# Provided information
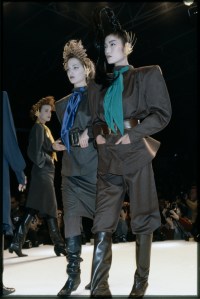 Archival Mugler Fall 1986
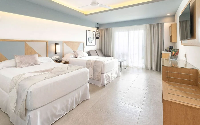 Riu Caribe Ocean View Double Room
==
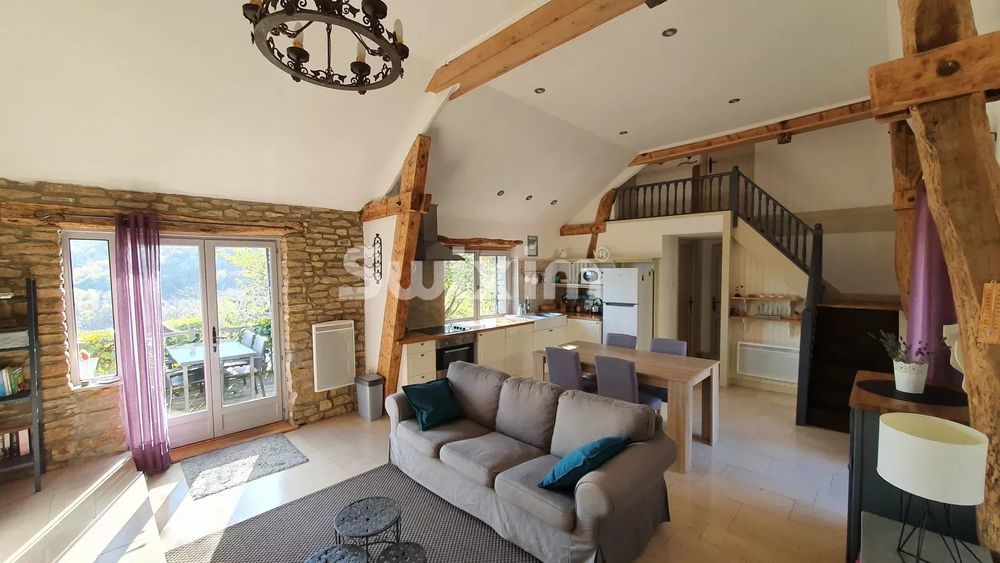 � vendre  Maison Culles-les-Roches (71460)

# Instructions for the task
Copy nothing but the lines above from the one with "Archival Mugler Fall 1986" to the one with "Riu Caribe Ocean View Double Room", inclusive, word for word. Leave every picture out.

# Worked solution
 Archival Mugler Fall 1986
 Riu Caribe Ocean View Double Room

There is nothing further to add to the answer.